I kept waking up for weeks with dreams of mobs in the streets waiting to attack people they associated with the attacks. In the end it was both worse (our country attacked Iraq and killed at least 600K innocent people – low estimate from early days in the debacle, I know) and less bad in that the domestic backlash was not what I had feared.
I hate the GWB administration with all my heart. But the one thing they did less badly than the rest of what they did was resist domestic violence against people who looked like they were from the middle east. Which is not to say that there was not such violence. But I know the country was capable of much worse than it actually got – within our borders. Outside of our borders we did about as badly as we could have done.
brendancalling
Mr. Sodhi is a better man than I am.
Alison Rose
I want to believe this. Some days, I do. Most days, though…it’s not just that I’ve seen so much hatred-driven violence. It’s that I see people who are proud of their hatred and of the acts they and others commit because of it. Maybe there are some Franks among them, but sadly I don’t think they’re the majority.
schrodingers_cat
@mvr: Bush going to the mosque in DC was helpful. I appreciated that.
Betty Cracker
@mvr: GWB was a terrible president. But as we quickly learned, it can always get worse.
mvr
@Betty Cracker: Yep. We did.
Rand Careaga
I am so fucking tired of seeing people wave the 9/11 bloody shirt online. I hold no brief for the hijackers, but the butcher’s bill on that day did not even amount to a rounding error measured against the deaths from the sky that this country has inflicted upon civilian noncombatants during the past three-quarters of a century. Just because al-Qaeda availed themselves of improvised tools instead have having recourse to cruise missiles like civilized people doesn’t make this country’s conduct in aggregate over the decades any less monstrous. Whining that no more virtuous or blameless a people was ever subjected to such an atrocity is not a good look for a predatory empire like ours.
CaseyL
The only reason for forgiveness that ever made sense to me was the idea that forgiveness allows you – the person who was wronged – to put the wrong behind you and get on with your life. It has nothing to do with being nice to the person who did the wrong, and there are obviously situations in which forgiveness is not at all appropriate.

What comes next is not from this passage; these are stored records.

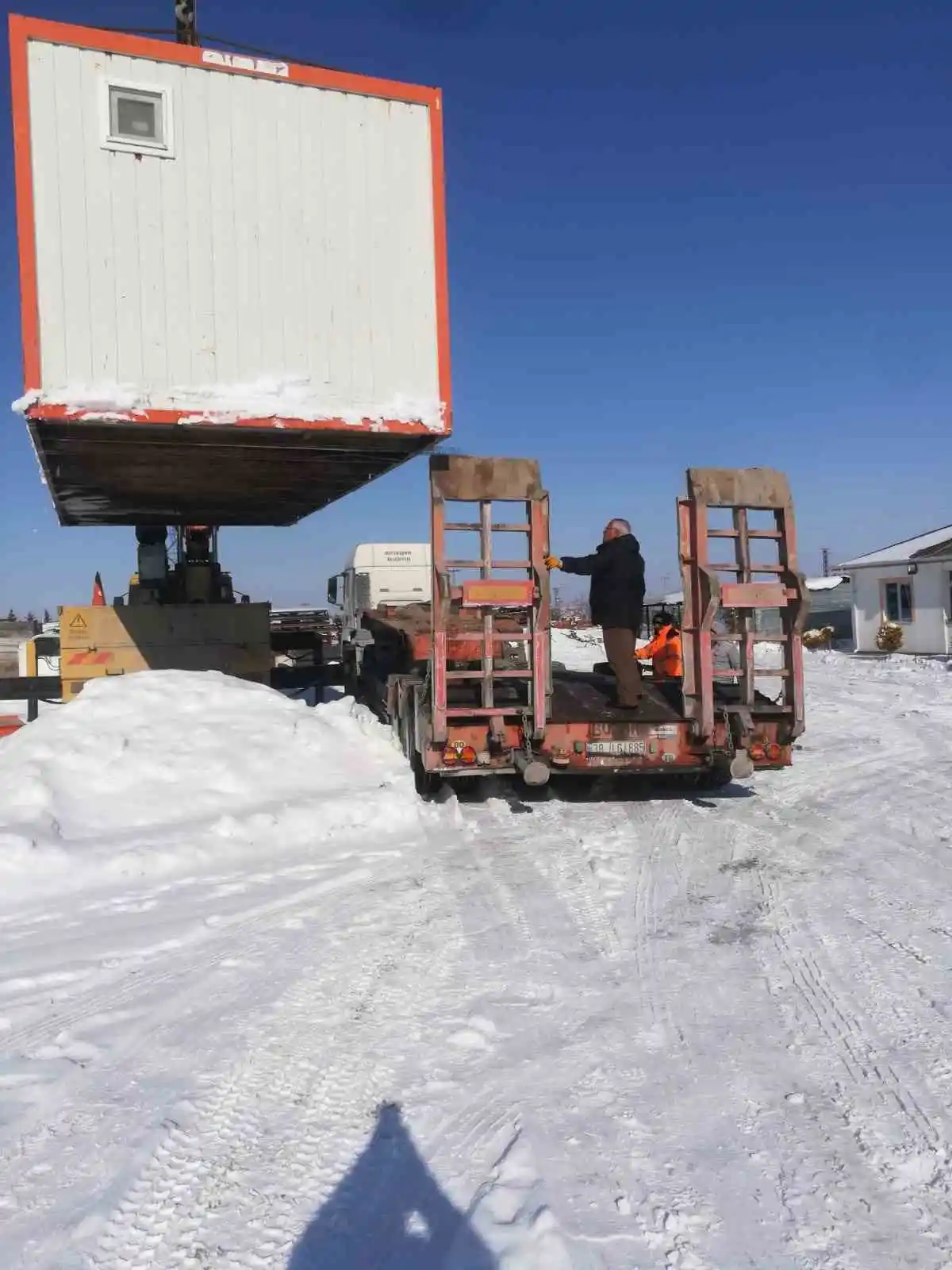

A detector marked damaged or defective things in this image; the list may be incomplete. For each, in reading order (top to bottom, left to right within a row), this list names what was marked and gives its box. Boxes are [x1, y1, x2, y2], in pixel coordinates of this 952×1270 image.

rusty metal surface [28, 421, 434, 525]
rusty metal surface [432, 452, 543, 500]
rusty metal surface [690, 467, 792, 510]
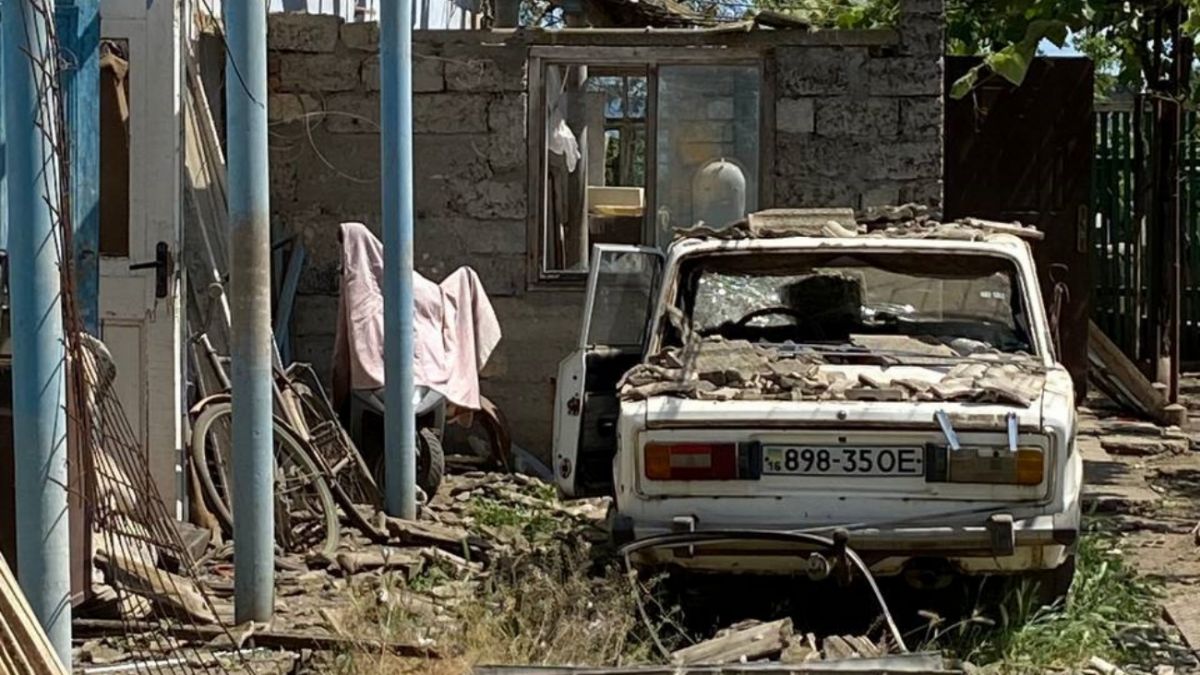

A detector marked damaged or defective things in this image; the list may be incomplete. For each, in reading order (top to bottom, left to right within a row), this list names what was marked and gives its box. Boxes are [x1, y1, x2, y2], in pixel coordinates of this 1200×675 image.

damaged building wall [265, 1, 945, 456]
broken window [532, 56, 758, 279]
damaged white car [556, 207, 1084, 595]
rusted metal sheet [945, 57, 1099, 393]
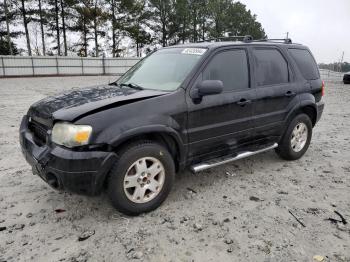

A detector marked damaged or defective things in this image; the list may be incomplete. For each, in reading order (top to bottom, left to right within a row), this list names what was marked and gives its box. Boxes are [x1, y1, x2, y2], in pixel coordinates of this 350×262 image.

crumpled hood [28, 85, 168, 124]
broken headlight lens [51, 122, 91, 147]
cracked headlight [51, 122, 91, 147]
damaged front bumper [19, 115, 117, 195]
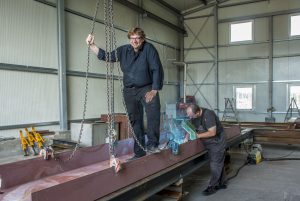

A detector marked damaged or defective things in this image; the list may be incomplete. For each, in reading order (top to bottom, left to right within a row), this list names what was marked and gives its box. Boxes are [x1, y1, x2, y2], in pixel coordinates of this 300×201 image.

rusty steel beam [0, 125, 244, 200]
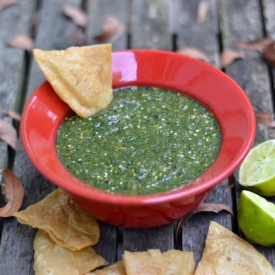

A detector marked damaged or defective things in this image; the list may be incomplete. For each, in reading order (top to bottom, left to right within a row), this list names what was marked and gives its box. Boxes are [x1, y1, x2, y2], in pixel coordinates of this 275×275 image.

broken chip piece [33, 44, 113, 118]
broken chip piece [13, 189, 100, 251]
broken chip piece [33, 231, 108, 275]
broken chip piece [123, 250, 196, 275]
broken chip piece [195, 222, 275, 275]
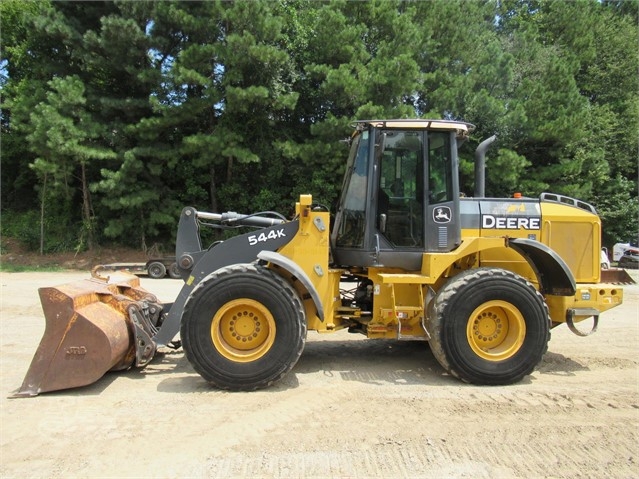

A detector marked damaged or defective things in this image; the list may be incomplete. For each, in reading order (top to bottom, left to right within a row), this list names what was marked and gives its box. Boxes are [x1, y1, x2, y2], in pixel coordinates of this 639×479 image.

rusty bucket [13, 272, 159, 400]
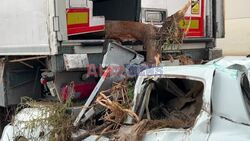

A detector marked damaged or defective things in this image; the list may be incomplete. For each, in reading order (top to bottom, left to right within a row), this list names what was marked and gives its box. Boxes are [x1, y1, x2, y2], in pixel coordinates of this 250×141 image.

crushed white vehicle [1, 56, 250, 140]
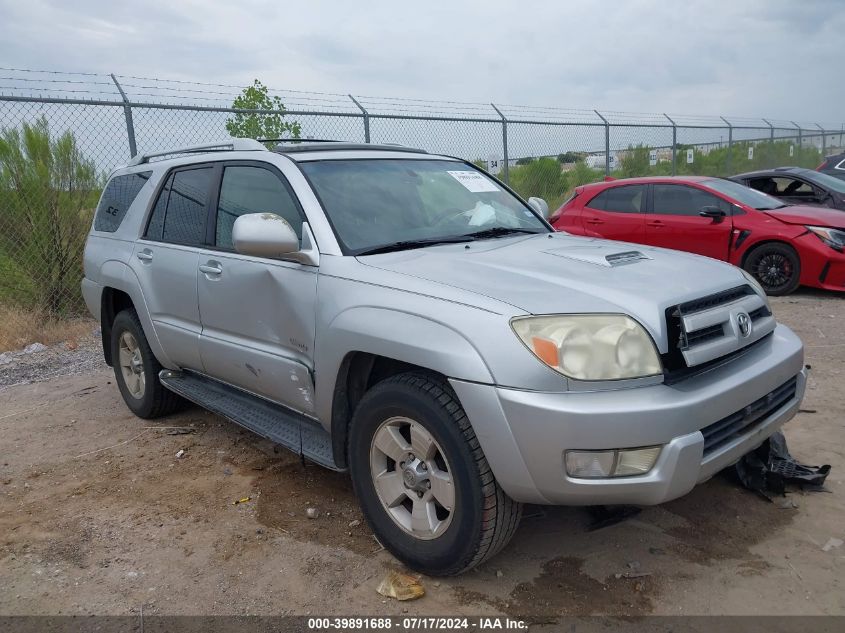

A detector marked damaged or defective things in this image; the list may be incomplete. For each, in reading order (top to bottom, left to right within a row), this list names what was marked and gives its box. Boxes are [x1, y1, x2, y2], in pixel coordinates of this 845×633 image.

dented door panel [196, 249, 318, 418]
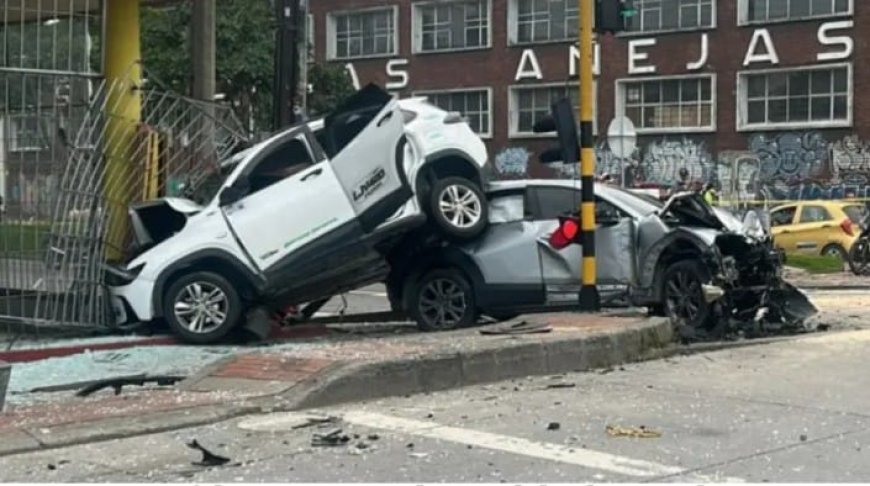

But forgiveness also makes me think about restorative justice. I’m not sure forgiveness per se is part of that, but restorative justice is less interested in punishment or vengeance than it is in healing, of the wider community as well as the person(s) who were the victims of the crime. If I understand restorative justice correctly, it sees perpetrators as damaged as well, and punishment/vengeance does little more than perpetuate the damage, to everyone’s detriment.
But restorative justice, as I understand it, can only “work” on a local scale, among individuals and communities. There’s no place for it when entire populations are demonized and victimized.
Shalimar
I was listening to talk radio on my way home an hour ago and there was a guest bemoaning how the country needs to come together like we did after 9/11. Politics is so divisive now. He then went on to criticize Biden for stopping in Alaska instead of coming home from the G20 early to attend memorial services. After that, he blamed leftists for pushing all the hate that is out there now. “Come together” apparently means bend the knee to Republican rule in his mind.
jame
I’m with the Irish on this one.
HumboldtBlue
Fuck forgiveness, fuck Frank Roque, and fuck every asshole who cheered this fucking war on and excused the barbarity of our nation’s actions.
Betty Cracker
It might be a quirk of my bespoke media bubble, but this year had the least amount of 9/11 remembrance hoopla than I can recall. Good. Headline from Fox News:
My first uncharitable thought was “fuck y’all.” Upon reflection, that’s not fair. People who were personally affected can’t be expected to be rational about it. Maybe they expected the POTUS to show up every September 11th forever. It’s not realistic or healthy, IMO, but it is understandable.
But fuck every fake patriot Repub shithead who has relentlessly humped a national tragedy for 22 years. To the extent 9/11/2001 fades into history, it will lessen their power to use it for evil purposes.
Good.
HumboldtBlue
@Betty Cracker:
Obama never went to the memorial, he gave speeches at other locations. It’s all just more right-wing fever swamp bullshit that the media won’t check or question.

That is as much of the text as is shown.